* [PROBLEM STATEMENT]
Would you please retype, exactly, the lines of the listing below between the line with "Stock/Re Arrival |ID:prp329100004313385" and the line with "2025 Husqvarna Svartpilen", inclusive?

--- START ---

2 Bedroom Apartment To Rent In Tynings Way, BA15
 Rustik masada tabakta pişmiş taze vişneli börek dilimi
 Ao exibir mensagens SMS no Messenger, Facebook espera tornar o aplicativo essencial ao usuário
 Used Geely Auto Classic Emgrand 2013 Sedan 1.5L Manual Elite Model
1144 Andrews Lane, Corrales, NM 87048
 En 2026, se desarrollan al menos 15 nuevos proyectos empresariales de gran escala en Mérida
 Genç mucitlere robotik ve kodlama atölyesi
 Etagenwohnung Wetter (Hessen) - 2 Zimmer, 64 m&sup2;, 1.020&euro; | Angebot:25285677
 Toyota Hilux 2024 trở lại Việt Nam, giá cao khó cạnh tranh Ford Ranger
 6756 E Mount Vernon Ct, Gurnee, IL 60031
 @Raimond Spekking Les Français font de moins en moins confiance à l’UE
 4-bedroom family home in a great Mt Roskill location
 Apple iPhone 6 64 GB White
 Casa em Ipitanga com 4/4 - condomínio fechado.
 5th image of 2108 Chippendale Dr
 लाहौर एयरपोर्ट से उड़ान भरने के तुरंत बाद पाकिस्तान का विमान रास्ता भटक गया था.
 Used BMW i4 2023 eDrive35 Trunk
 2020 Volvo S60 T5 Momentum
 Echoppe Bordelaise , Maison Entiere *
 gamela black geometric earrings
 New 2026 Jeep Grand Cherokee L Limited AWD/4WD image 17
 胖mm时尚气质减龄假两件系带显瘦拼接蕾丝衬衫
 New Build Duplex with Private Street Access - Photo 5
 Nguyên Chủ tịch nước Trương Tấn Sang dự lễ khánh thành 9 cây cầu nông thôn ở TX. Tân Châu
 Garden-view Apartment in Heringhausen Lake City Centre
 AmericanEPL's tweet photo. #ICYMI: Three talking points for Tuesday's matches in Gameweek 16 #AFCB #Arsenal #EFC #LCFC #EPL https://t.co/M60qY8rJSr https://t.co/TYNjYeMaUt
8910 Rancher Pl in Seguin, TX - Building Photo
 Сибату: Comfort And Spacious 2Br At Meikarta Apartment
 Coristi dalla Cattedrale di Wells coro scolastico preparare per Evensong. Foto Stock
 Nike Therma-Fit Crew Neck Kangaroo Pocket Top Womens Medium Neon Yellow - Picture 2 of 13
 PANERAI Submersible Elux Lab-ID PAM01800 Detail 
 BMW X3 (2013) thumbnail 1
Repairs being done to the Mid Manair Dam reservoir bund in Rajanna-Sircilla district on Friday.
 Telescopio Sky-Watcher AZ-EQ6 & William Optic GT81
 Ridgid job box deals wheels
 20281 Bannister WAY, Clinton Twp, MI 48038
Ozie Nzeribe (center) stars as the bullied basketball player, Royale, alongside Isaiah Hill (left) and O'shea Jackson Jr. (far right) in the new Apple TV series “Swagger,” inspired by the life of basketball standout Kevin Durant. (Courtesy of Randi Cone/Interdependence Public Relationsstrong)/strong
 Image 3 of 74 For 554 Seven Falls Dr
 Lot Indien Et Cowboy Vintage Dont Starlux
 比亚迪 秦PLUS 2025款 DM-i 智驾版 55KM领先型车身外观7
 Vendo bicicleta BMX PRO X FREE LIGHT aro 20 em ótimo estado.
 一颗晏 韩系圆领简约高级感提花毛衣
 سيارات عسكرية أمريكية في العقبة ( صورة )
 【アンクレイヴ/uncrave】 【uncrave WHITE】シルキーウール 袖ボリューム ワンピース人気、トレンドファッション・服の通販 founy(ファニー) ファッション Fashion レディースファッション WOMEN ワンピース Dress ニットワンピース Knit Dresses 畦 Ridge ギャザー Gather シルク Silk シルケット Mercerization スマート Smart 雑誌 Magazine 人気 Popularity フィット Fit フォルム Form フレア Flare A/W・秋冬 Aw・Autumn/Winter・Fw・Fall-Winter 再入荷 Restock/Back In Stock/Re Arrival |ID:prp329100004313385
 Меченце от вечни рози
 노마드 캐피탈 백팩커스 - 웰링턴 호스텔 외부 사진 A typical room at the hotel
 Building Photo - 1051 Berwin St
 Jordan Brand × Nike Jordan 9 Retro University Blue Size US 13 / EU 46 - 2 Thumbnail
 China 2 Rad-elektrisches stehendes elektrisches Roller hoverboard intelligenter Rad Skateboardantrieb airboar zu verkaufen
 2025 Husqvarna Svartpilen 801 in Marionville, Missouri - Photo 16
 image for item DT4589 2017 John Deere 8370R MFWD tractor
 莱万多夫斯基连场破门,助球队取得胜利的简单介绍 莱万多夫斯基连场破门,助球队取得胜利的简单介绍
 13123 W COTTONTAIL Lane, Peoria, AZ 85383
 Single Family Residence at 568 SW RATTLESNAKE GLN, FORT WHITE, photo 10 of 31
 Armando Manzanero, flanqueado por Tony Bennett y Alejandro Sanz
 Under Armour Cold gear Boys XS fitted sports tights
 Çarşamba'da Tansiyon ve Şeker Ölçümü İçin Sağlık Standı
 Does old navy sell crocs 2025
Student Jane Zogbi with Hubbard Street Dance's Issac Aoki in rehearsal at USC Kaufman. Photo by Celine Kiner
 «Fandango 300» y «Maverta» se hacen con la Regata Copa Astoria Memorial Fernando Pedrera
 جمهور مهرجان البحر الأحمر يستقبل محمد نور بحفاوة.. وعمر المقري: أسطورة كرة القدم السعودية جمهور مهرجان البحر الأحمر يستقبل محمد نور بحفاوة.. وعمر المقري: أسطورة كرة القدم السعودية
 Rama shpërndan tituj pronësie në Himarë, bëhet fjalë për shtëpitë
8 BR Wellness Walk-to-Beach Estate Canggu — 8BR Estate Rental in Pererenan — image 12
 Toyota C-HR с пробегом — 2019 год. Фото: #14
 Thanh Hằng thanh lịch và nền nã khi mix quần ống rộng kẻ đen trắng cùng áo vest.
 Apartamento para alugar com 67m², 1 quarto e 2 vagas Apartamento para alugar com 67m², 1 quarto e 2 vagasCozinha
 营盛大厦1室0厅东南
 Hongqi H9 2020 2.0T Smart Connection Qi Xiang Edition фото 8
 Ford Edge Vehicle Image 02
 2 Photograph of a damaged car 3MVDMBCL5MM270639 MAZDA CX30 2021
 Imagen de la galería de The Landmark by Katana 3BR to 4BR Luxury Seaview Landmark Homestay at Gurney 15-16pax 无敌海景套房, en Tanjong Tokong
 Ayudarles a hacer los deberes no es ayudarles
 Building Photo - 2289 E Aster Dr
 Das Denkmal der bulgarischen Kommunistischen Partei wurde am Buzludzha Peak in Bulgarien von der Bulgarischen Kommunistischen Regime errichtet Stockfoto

--- END ---

* [RESULT OF THE EXERCISE]
 【アンクレイヴ/uncrave】 【uncrave WHITE】シルキーウール 袖ボリューム ワンピース人気、トレンドファッション・服の通販 founy(ファニー) ファッション Fashion レディースファッション WOMEN ワンピース Dress ニットワンピース Knit Dresses 畦 Ridge ギャザー Gather シルク Silk シルケット Mercerization スマート Smart 雑誌 Magazine 人気 Popularity フィット Fit フォルム Form フレア Flare A/W・秋冬 Aw・Autumn/Winter・Fw・Fall-Winter 再入荷 Restock/Back In Stock/Re Arrival |ID:prp329100004313385
 Меченце от вечни рози
 노마드 캐피탈 백팩커스 - 웰링턴 호스텔 외부 사진 A typical room at the hotel
 Building Photo - 1051 Berwin St
 Jordan Brand × Nike Jordan 9 Retro University Blue Size US 13 / EU 46 - 2 Thumbnail
 China 2 Rad-elektrisches stehendes elektrisches Roller hoverboard intelligenter Rad Skateboardantrieb airboar zu verkaufen
 2025 Husqvarna Svartpilen 801 in Marionville, Missouri - Photo 16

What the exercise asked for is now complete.